Leaked Training Shows Doctors In New York's Biggest Hospital System Using AI (404media.co) 34

Slashdot reader samleecole shared this report from 404 Media: Northwell Health, New York State's largest healthcare provider, recently launched a large language model tool that it is encouraging doctors and clinicians to use for translation, sensitive patient data, and has suggested it can be used for diagnostic purposes, 404 Media has learned. Northwell Health has more than 85,000 employees.
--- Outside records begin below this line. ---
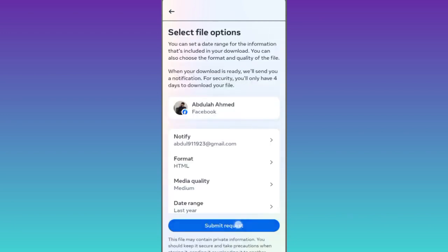Then tap on submit request. After you click on submit request, within the next 24 hours a file containing your deleted messages on Messenger will be sent to your email address.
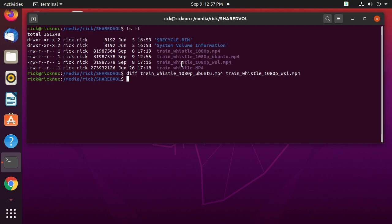We got the same result running FFmpeg on Windows Subsystem for Linux as running it on native Ubuntu. This tells me you can get nearly the same performance under WSL as on native Ubuntu. I did a previous test where Firefox running under an X server on Windows had terrible performance compared to native Windows 10, but for command line utilities, Windows Subsystem for Linux seems like a good alternative to dual booting.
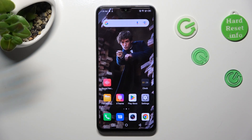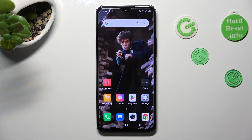Hi, in front of me is Infinix Note 12 2023, and today I would like to show you how you can resize icons on this Infinix.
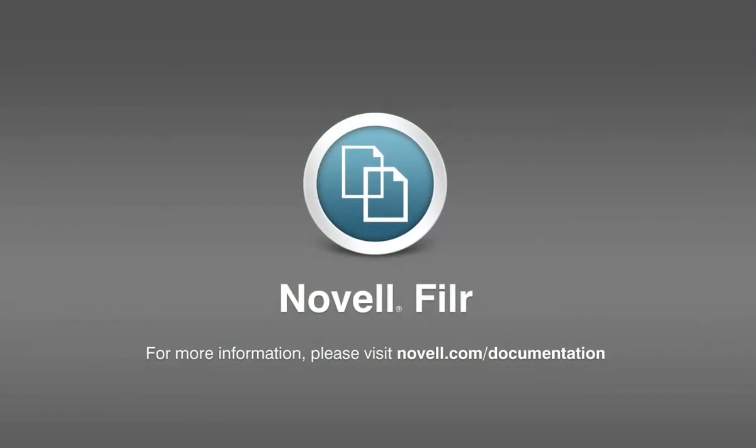With Novell Filer, sharing files with internal and external users has never been easier. To learn more about sharing, as well as other features available in Novell Filer, please visit novell.com/documentation. Thank you for watching.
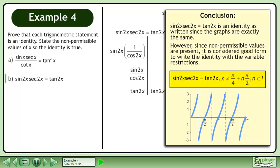However, since non-permissible values are present, it is considered good form to write the identity with the variable restrictions.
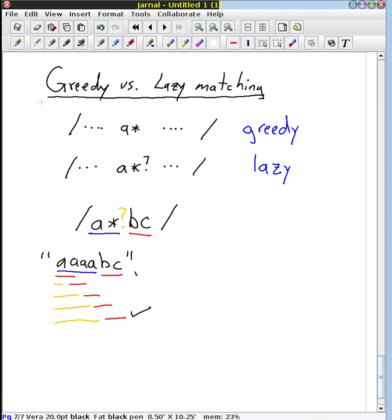So this is an example where greedy does a great job because of the way our input string works, and lazy does a horrible job — it takes many more steps to find a match. But I could come up with a different input for this regular expression where lazy would work a lot better. What I'm trying to point out is that you have two options for how you tell the regular expression to match with the repetition operators.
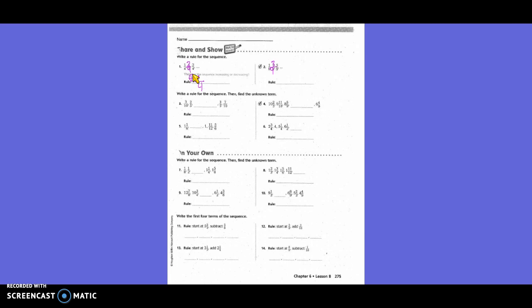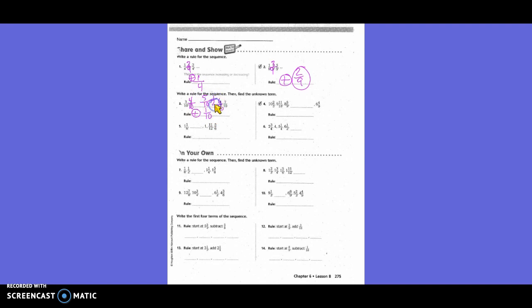Rule: are we going up or down? Up. So it's addition. We went up by two-ninths. For the next sequence: three-tenths, two-fifths, something, three-fifths, seven-tenths. Common denominator is ten. Two-fifths is four-tenths, three-fifths is six-tenths. Numbers are going up — add one-tenth. So the unknown term is five-tenths, which simplifies to one-half.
An internal presentation and employee chats obtained by 404 Media shows how healthcare professionals are using LLMs and chatbots to edit writing, make hiring decisions, do administrative tasks, and handle patient data. In the presentation given in August, Rebecca Kaul, senior vice president and chief of digital innovation and transformation at Northwell, along with a senior engineer, discussed the launch of the tool, called AI Hub, and gave a demonstration of how clinicians and researchers—or anyone with a Northwell email address—can use it... AI Hub can be used for "clinical or clinical adjacent" tasks, as well as answering questions about hospital policies and billing, writing job descriptions and editing writing, and summarizing electronic medical record excerpts and inputting patients' personally identifying and protected health information.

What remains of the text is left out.